Aslında filmi vurucu yapan şey umutla başlayıp her şeyin kötüye gidişi, daha fenası bu kötü gidişe bizi hazırlaması, o şeylerin olacağını bilmemiz buna rağmen olmamasını dilememiz, ve bizi aksine inandırmak isteyen yüreklerimize karşı fazlasıyla gerçek olan duruşu.

Daha ilk andan biz o karakterlerin belli suçlar için hapse düştüğünü biliriz, ama film boyunca 2 karakter haricinde ne yaptıklarını öğrenmeyiz, dahası tek bir kişinin vicdan hesaplaşmasını görürüz, onun dışındakileri yargılamak ya da aklamak gibi bir derdi yoktur, ki o vicdan hesabı yapan kişiyi de ne aklar ne de yargılar, sadece böyle olmuştur der.

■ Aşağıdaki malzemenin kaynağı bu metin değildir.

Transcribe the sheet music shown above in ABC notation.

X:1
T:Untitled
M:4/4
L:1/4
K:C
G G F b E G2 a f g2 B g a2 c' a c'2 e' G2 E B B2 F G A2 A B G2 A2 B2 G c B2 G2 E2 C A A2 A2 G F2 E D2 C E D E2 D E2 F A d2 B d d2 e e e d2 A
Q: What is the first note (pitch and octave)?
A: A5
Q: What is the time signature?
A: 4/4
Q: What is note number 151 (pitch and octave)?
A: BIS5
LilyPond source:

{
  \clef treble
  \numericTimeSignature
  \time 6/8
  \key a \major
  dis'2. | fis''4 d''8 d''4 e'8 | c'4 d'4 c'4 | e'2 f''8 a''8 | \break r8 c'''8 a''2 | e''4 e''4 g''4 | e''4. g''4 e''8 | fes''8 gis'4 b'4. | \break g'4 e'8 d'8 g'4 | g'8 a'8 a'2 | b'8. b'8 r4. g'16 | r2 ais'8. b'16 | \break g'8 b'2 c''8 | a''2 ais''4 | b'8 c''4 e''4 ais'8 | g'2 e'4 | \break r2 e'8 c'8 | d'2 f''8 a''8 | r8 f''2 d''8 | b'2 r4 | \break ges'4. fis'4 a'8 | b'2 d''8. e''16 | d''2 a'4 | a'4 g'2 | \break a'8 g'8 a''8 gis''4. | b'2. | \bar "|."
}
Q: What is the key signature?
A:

Filmde çok iç acıtıcı sahne var, düşündükçe de çoğalıyor. Bir kısmı basit bir kısmı konunun özü, ama pek çok yürek burkan sahne. Tarık Akan atı vurmakla vurmamak arasında gidip gelişi, karısını kurtarmayı istemekle kurtarmamak arasında kalışı, çocuğun annesini kurtarmak istediğini farkına varışı, izin kağıdını kaybeden adamın durumunu tel örgülerle konan kuşlarla birebir aynı oluşu, Şerif Sezerin ölümü dileyişi, Meral Orhonsay'ın bile bile ölüme gidişi, yine Meral Orhonsay'ın rezil damgasını yiyeceğini ve kocasını 3 gün sonra cezaevine teslim edeceğini bilmesine rağmen peşinden gidişi, 1 haftalık izinin 5 gününün yola gidişi, ama en acısı kaybolan umudumuz. o kadar mutlu ve umutlu çıkan herkesin daha da kararmış birer yaşamla cezaevlerine dönmeleri, dönmemeleri ya da dönememeleri. Ölülerine sahip çıkamayan insanlar, kocasının ölümüne üzülemeden kayınbiraderinin karısı olan gelin, ya da başka birinden hoşlanırken ve o kız da ondan hoşlanırken kardeşinin asla dönemeyeceğini bildiği için evlenemeyen ve nihayetinde dönemeyen kardeşinin karısına koca olan Ömer.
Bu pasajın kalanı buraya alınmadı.